Alguns filósofos do século XVIII dedicaram grande parte de suas análises à intenção de explicar o espaço e o tempo. Recorreram, então, a toda escala da existência "subjetiva" e "objetiva". No aspecto "subjetivo" consideraram esses dois conceitos como produtos de percepção direta interior ou da percepção exterior. Outras vezes, como criações abstratas do pensamento, ou gerados por associações de ideias.

Do ponto de vista "objetivo", o espaço e o tempo foram considerados substantivamente, com existência independente ou ainda como relações objetivas entre as coisas. A busca de um desfecho entre essas diferentes correntes do filosofar será o pensamento dominante da primeira crítica kantiana.

Martin Heidegger, na obra inconclusa Ser e Tempo, retoma o pensar grego, a investigação do tempo finito originário. Procura, assim, assegurar a gênese das formas do tempo ligadas à existência cotidiana - tanto no seu aspecto objetivo quanto no subjetivo - que determina o tempo comum. Este, ao ser dependente das diferentes formas temporais, criadas pela temporalidade imprópria, é índice da infinitude e irá abarcar os entes intramundanos, possibilitando a impressão de que deles surgiu. Esta temporalidade, que Heidegger chama de intratemporal, é datável, é extensível e é significativa ao apresentar-se "na dança infindável dos momentos" e nos referenciais reguladores: o sol ou o relógio, por exemplo. A existência cotidiana é assim conduzida desta forma: nascimento e morte, criação e destruição. Ressurge, assim, a concepção grega de Cronos.

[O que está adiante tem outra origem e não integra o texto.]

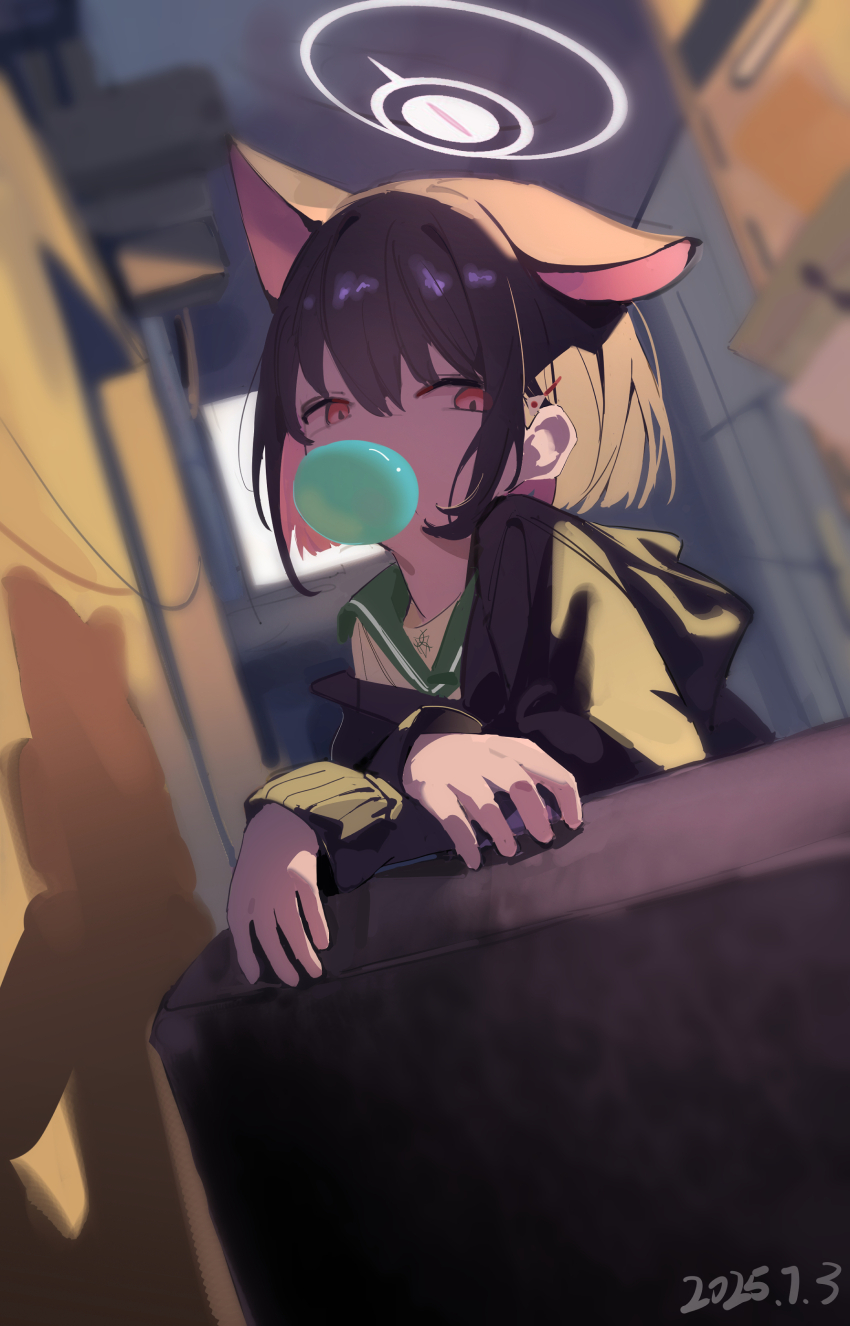 Kazusa (Blue Archive) Rule 34 Image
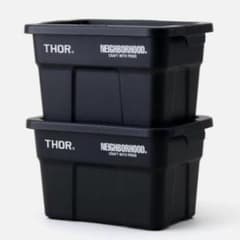 NH X THOR MINI TOTES 2個セット　新品未使用 NH X THOR MINI TOTES 2個セット 新品未使用 - メルカリ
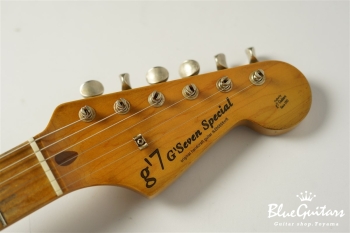 g7-ST/M Perfect Aged - 1956 2Tone Sunburst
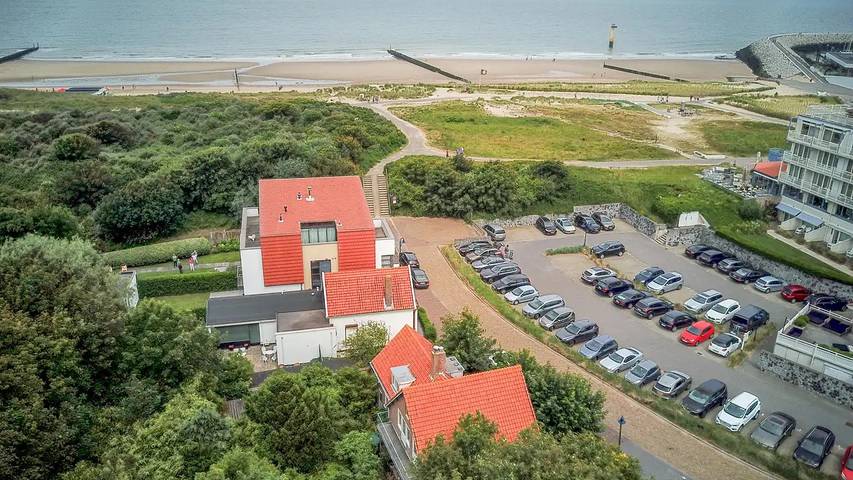 Appartement de vacances pour 6 personnes, avec jardin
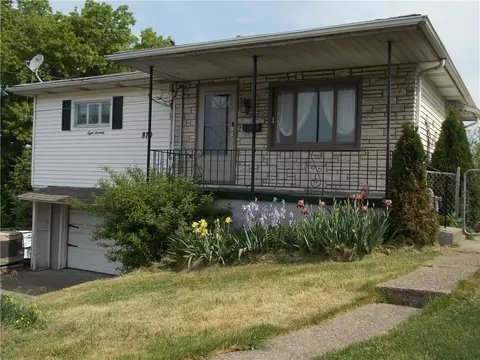 870 Summerlea Ave, Washington, PA 15301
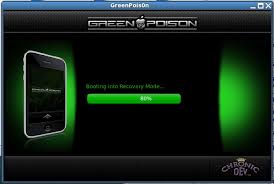 iOS 4.2.1 with GreenPois0n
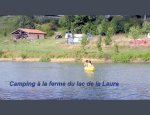 Photo CAMPING DU LAC DE LA LAURE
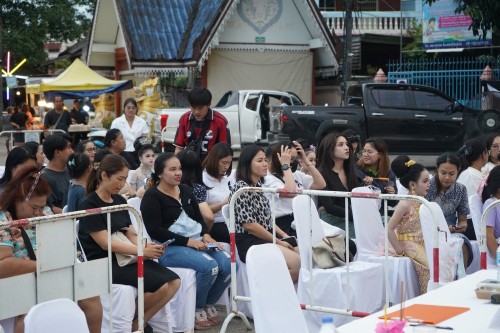 เทศบาลนครแม่สอดจัดกิจกรรมวันลอยกระทง ประจำปี 2568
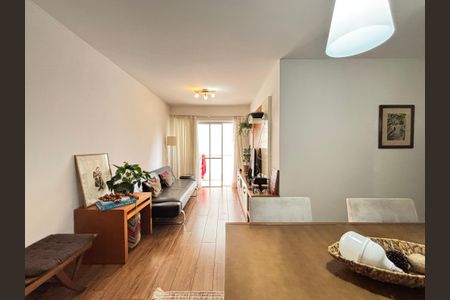 Sala de apartamento à venda com 2 quartos, 68m² em Vila Uberabinha, São Paulo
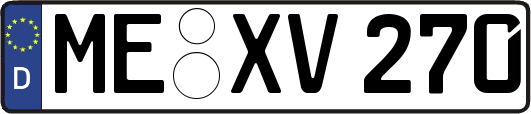 ME-XV270
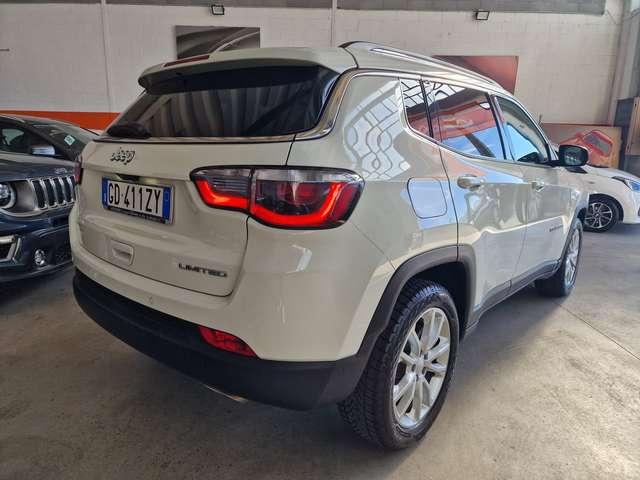 Jeep Compass Compass 1.3 turbo t4 Limited 2wd 130cv my20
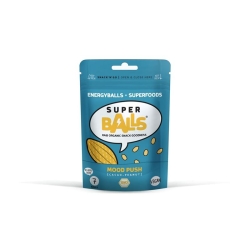 Super Balls Energyballs Mood Kakao Erdnue 8x 48g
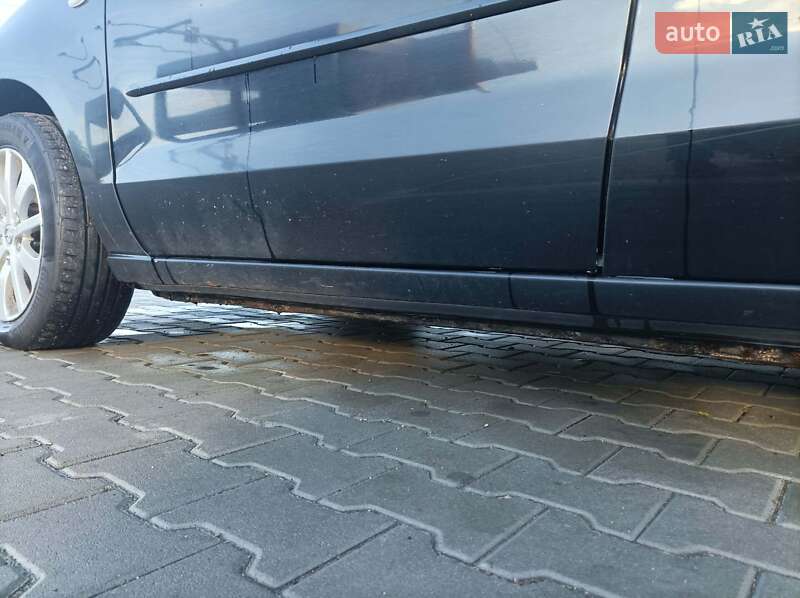 Минивэн Mazda 5 2008 в Старом Самборе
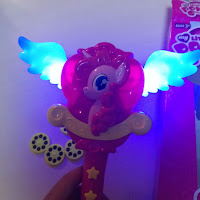 MLP Fake Wand Toy Projector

No transformismo de Lamarck (1744-1829), os seres obedecem a uma cadeia disposta em uma sequência linear do tempo. A série de mudanças é pensada por intermédio do contínuo do espaço. Para agrupar os corpos desse mundo não basta, pois, reconhecer-lhes simplesmente similitudes no espaço; necessário precisar-lhes a sucessão no tempo.

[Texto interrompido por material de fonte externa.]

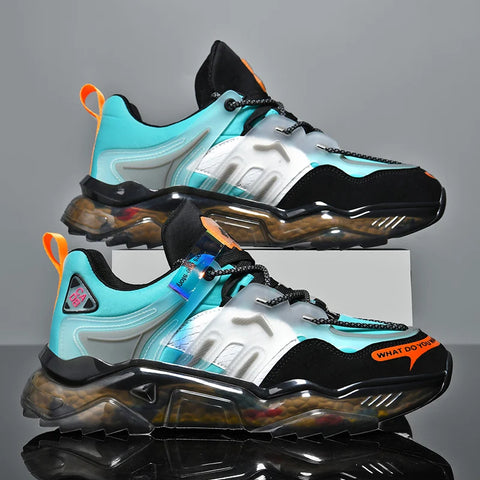 Image of Men and Women Sneakers tenis Luxury shoes Trainer Breathable running Shoes for All-FrenzyAfricanFashion.com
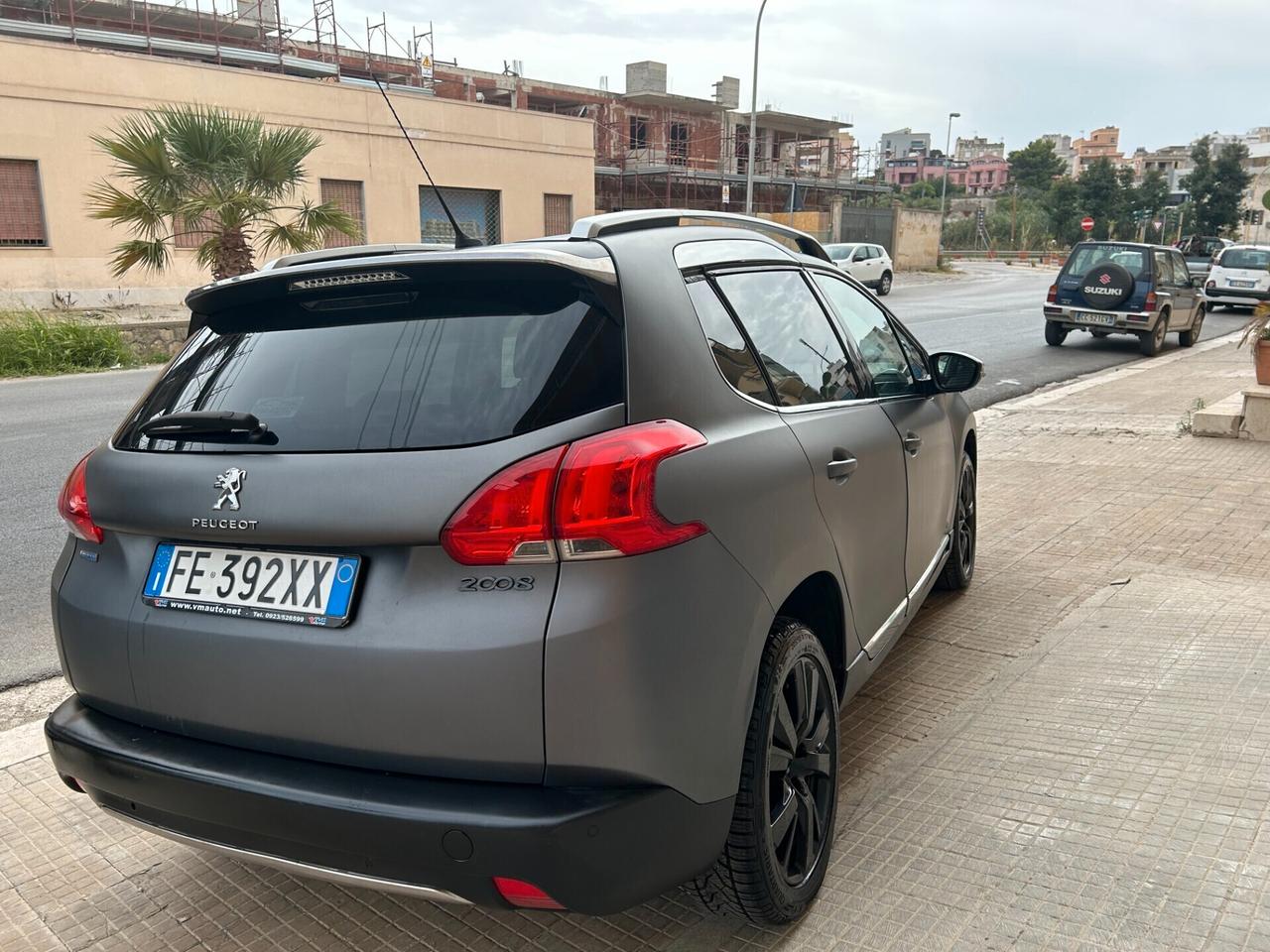 Peugeot 2008 BlueHDi 100 GT Line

Deve-se observar que, para alguns pensadores do século XVIII, era o tempo da Terra com seus cataclismos, suas variações de calor e mutações, que perturbavam a ordem dos seres submetidas à monotonia de um multiplicar-se sem história. Para Lamarck, ao contrário, era o tempo próprio dos seres que criava a progressão dos viventes. O tempo das circunstâncias só ocasionalmente interferia com o tempo da Terra, permitindo aos seres adaptarem-se ao meio ambiente. Portanto, dois tempos independentes e separados, com propriedades e efeitos adequados.

No século XIX, essa concepção sofre mudança, não pode haver mais que um tempo único para o conjunto do Universo. A história dos seres entrelaça-se inextrincavelmente com a Terra. Inaugura-se a era da Arqueologia e da Geologia.

O filósofo Fichte (1762-1814) afirmou em algum momento de sua vida: "Vê como nasce para ti o tempo, e verás como nasce tudo". Nos dias atuais, o astrofísico inglês Stephan Hawking, visando demonstrar a possibilidade da expansão do Universo e de um modelo do saber físico, afirma:

- Se conhecêssemos o estado inicial de nosso Universo, saberíamos toda sua história.

O tempo, então, pode ser apropriado de diferentes modos e com técnicas específicas, literárias, filosóficas ou científicas, funcionando muitas vezes como unificador dos elementos da hipótese com que se trabalha e se faz presente na aplicação prática que ela possa suscitar.

Hoje, a ciência física deixa claro muitas das ocorrências a que nosso planeta está submetido e as que nele se processam - por ação humana - são explicadas e detectadas de "pontos" fora da Terra. Isto vem determinando o povoamento acelerado do céu por artefatos criados pelo homem...

De diferentes maneiras, busca-se o tempo e dentre tantas, é provável que exista uma que explique quem é o homem e torne inteligível como ele irá comportar-se ao defrontar-se com o fim - início de muitas fábulas.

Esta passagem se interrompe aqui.